He has his reservation not just about the mass production of poems, but also about the hackneyed poetics, pointing out its limited access to the real experience of the complex society and limited means to make a bland pot of poetry. And the influence of western modernist poetry Wang came under helped to add a subtle yet satirical linguistic sensibility to the lines.


The poem “In Memory,” generally seen as the milestone for the living language poetry, revolves around a son’s reveries, partially in monologue, partially in dialogue to a silent listener.

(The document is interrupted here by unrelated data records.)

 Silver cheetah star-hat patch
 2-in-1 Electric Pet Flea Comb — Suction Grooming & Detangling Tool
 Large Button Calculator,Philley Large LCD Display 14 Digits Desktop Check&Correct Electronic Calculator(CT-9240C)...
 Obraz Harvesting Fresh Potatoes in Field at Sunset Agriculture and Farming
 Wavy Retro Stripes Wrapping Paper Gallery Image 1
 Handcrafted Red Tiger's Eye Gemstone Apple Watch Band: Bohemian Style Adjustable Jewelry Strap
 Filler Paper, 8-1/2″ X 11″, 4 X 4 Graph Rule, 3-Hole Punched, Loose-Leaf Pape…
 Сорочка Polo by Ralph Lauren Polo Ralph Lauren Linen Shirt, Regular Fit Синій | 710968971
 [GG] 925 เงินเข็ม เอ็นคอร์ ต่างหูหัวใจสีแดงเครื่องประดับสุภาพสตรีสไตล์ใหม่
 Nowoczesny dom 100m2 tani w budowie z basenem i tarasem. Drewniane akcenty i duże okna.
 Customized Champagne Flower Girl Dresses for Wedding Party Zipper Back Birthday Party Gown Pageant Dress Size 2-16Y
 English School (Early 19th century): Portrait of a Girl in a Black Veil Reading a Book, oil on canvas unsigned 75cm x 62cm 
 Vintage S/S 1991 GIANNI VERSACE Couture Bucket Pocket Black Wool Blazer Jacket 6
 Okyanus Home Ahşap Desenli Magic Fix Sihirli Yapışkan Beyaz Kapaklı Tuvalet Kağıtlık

One of the wine cups standing / on the table must be yours / the drawer fallen out in moving / presents a letter you forgot to mail out / the old leather shoes remained anchored under the bed / thinking so hard / the razor rusted with your beard / why is all turning into the past so fast / when blowing out the match / I look up to see you / smoking in the mirror / sitting there every morning / feeling confounded / being clever / consequently, being helpless / losing temper invariably out of self spite / you are swarthy / and large-pored / when the sad wild geese flit through your eyes / autumn is gone / Oh I am you. // No you forget you /always pushed me out the door / when I thought the matter was over / as if punishing me by making me wait on the street corner / you purposely ignored me ignored the poem / I had left on the tea table / flicking the cigarette ash I conceived / myself as the broken tin ashtray / repeatedly singed by you/ when you turned out the light the world’s dark / you made me run naked / falling from the roof into the sea / I believe the dream believing / now you beat the back of my head again with your disgusting glance / it’s all because / because I am you // When I decided to be a good student the next day / the alarm clock had to stop midnight / when I resolved to be a worker earning honest money / I got summoned away to serve as a conductor / when I wanted to make a good husband / the sausage was sold out in the deli / somehow the damned world / always stands in my way / I would rather turn into a rotten egg / so I was willing to reconcile with everything / and with you when you / turned of a sudden and left / In short, it’s normal to rain in a sunny afternoon / look, the rain drops shine in the light / harmonious like a couple of waifs / so nothing really matters that much / you speak why don’t you speak /the stubbornly silent palm.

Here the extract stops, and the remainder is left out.